Why bluestore OSDs are getting full due to metadata usage in RHCS ?
Environment
- Red Hat Enterprise Linux 7.x
- Red Hat Ceph Storage 3.3.x
- Ceph 12.2.12-79.el7cp
- Ceph 12.2.12-84.el7cp
- Ceph 12.2.12-101.el7cp
- Ceph 12.2.12-115.el7cp
- container tags 3-37 - 3-45
Issue
- We are seeing high metadata usage for OSDs.
ceph osd df tree
output showing high disk usage even though no or very less data on OSD pools.
Resolution
Upgrade cluster to RHCS 3.3z6 release to fix bluefs log growing exponentially as well as not being compacted in RHCS 3.x build.
For a workaround :
-
Periodically issue online compaction for OSDs which are affected using ceph tell command
# ceph tell osd.<osdid> compact
Similarly can instruct online compaction for all OSDs using below command :
- Non-containerized environment :
# ceph tell osd.\* compact
- Containerized environment :
# docker exec <mon-container> ceph tell osd.\* compact
- For RGW workload, we recommend to use minimum 500 GB disk per OSD as rockdb uses large amount of space before compaction.

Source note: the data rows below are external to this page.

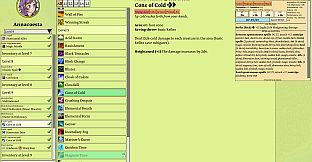 Dawnsbury Days - Good Little Children Never Grow Up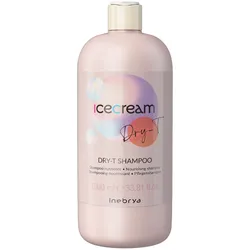 1L Inebrya Ice Cream Dry-T Shampoo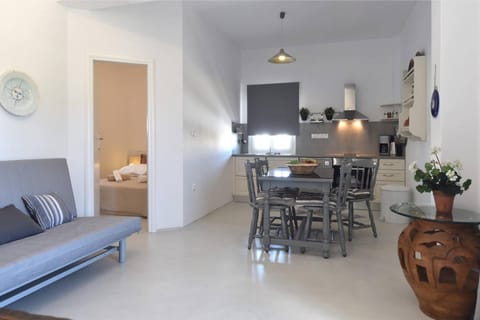 Apartment | 2 bedrooms, Internet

- Configure OSD pools with appropriate PG count.
- Make sure RGW buckets are properly sharded.
Root Cause
- The bluefs log is not being compacted due to a known ceph bug. The upstream patches PR#17354 and PR#35473 are addressing this issue.
- The bluefs log growing rapidly to bigger size due to some of the below factors. Make sure your cluster does not have any of these inconsistencies.
- The block device is on faster device (SSD/NVMe) whereas block.db on slow device (HDD)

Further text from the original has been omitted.